# 2019q3 Homework1 (review)
contributed by < `kksweet8845` >
### Question 1
```cpp
#include <stdio.h>
int main() {
float sum = 0.0f;
for (int i=0;i<10000; i++) sum += i+1;
printf("Sum %f\n", sum);
return 0;
}
```
#### Thought
- Wrong thought
- I thought that this question is just a simple problem.
- However, when jserv execute the code above, the answer was absolute different from mine.
- Then I think that `sum` is a type of float and `i` is a type of int. According to IEEE 754 standard, I think that the`sum`,which is type of float, might ignore some trailing value when the value is quite large.
#### Assumption
![](https://i.imgur.com/oGU3Axv.png)
(Soucre from IEEE 754 wikipedia)
When the number is quite large enough, that is, the fraction part is `0xFFFFFE`, the the exponent part is just need $\ 2^{23}$. That is,
\begin{gather*}0x1.FFFFFE\ \times 2^{23}\end{gather*}
In here, we just want to calculate the number of digit of this value, so we take $\log$ in each side.
\begin{split}
(2-2^{23}+1)\ \times2^{23} &= 2^{24}-1+ 2^{23}=k\\
\log(2^{24}-1+ 2^{23}) &= \log k\\
\log(3 \cdot 2^{23}) &= \log k\\
\log k &= 7.4001\\
\log k &= 7 + 0.4001\\
k&\approx 2.53\ \times 10^{7}
\end{split}
It means that if the digit of value is more than 8 digits. Computer will start to ignore the trailing numbers at the end of value, so the error occurred.
I assuming the value must about to ignore trailing value even I just add 1 to this number,so another value which slightly smaller than this number may also occurred rounding error.
#### Experiment
In order to prove my assumption, I write a code which will sum up from 1 to n and will store the digits of sum to see when the error occurred in 8 digits.

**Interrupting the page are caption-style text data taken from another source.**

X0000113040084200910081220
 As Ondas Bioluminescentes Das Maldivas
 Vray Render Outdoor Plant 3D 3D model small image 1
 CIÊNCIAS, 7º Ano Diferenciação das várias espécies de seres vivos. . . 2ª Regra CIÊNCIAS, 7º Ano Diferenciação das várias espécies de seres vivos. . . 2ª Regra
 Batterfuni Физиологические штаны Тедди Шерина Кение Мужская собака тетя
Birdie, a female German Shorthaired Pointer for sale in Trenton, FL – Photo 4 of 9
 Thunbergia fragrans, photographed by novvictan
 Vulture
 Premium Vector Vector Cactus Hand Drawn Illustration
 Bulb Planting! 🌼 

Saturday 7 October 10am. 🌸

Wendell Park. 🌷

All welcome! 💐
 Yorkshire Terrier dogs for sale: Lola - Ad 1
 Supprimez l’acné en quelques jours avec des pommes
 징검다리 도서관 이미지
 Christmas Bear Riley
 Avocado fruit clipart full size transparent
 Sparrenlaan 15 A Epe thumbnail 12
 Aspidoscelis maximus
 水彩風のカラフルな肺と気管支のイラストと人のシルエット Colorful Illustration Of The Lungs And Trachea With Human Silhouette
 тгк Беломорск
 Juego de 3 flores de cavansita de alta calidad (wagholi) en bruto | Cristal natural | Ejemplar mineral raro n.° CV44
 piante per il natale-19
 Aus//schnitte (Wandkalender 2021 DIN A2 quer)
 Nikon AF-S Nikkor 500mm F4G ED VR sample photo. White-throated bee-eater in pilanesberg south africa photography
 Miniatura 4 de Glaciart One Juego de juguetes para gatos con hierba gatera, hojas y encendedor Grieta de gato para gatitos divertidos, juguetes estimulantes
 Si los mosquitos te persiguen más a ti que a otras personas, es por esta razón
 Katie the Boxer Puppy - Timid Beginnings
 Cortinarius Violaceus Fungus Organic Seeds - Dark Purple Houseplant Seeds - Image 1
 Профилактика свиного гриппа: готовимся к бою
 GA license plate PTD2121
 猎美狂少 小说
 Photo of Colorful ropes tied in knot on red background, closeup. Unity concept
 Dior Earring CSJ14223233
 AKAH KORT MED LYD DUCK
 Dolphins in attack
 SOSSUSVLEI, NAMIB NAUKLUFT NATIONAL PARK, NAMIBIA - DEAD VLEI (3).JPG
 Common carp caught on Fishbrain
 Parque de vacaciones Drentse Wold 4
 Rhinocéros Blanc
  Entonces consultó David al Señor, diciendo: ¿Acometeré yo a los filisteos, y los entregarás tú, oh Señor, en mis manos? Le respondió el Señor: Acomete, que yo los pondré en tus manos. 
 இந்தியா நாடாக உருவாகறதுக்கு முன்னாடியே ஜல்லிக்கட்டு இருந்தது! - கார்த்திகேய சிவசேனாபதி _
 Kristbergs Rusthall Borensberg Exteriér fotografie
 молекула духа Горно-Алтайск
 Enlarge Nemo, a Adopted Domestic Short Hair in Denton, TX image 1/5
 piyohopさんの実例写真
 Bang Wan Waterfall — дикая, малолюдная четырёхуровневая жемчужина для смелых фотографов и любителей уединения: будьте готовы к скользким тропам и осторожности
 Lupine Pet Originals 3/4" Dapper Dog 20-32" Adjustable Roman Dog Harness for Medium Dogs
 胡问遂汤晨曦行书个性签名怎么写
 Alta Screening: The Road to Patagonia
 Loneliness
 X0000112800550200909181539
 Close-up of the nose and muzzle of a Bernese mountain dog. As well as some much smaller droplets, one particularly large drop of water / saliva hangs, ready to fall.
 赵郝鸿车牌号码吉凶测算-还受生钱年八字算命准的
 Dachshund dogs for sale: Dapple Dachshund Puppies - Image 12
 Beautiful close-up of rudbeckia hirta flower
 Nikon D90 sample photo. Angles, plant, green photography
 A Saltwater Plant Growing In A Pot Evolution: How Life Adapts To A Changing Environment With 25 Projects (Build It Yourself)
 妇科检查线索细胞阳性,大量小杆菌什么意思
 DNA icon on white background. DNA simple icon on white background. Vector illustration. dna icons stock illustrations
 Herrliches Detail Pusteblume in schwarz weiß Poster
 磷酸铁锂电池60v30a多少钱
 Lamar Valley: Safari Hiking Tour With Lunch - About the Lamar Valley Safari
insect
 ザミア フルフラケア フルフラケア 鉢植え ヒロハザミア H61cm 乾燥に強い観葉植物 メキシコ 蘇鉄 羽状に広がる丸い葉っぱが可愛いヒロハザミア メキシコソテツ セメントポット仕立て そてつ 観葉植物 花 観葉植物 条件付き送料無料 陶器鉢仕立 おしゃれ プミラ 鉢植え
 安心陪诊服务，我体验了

Fortunately, it coincides with my assumption.
```bash
==============================From 1 to 5000
The value of sum_f is : 12502500.000000
The value of sum_i is : 12502500
The digits of sum_i is :8
The error : 0.000000
Normalized Error value: 0.000000
==============================From 1 to 6000
The value of sum_f is : 18002896.000000
The value of sum_i is : 18003000
The digits of sum_i is :8
The error : 104.000000
Normalized Error value: 0.000006
==============================From 1 to 7000
The value of sum_f is : 24502896.000000
The value of sum_i is : 24503500
The digits of sum_i is :8
The error : 604.000000
Normalized Error value: 0.000025
==============================From 1 to 8000
The value of sum_f is : 32002896.000000
The value of sum_i is : 32004000
The digits of sum_i is :8
The error : 1104.000000
Normalized Error value: 0.000034
==============================From 1 to 9000
The value of sum_f is : 40502896.000000
The value of sum_i is : 40504500
The digits of sum_i is :8
The error : 1604.000000
Normalized Error value: 0.000040
==============================From 1 to 10000
The value of sum_f is : 50002896.000000
The value of sum_i is : 50005000
The digits of sum_i is :8
The error : 2104.000000
Normalized Error value: 0.000042
```
#### Improve accuracy
Then we know that the computer will occurred this issue when we want to calculate the large floating-point number.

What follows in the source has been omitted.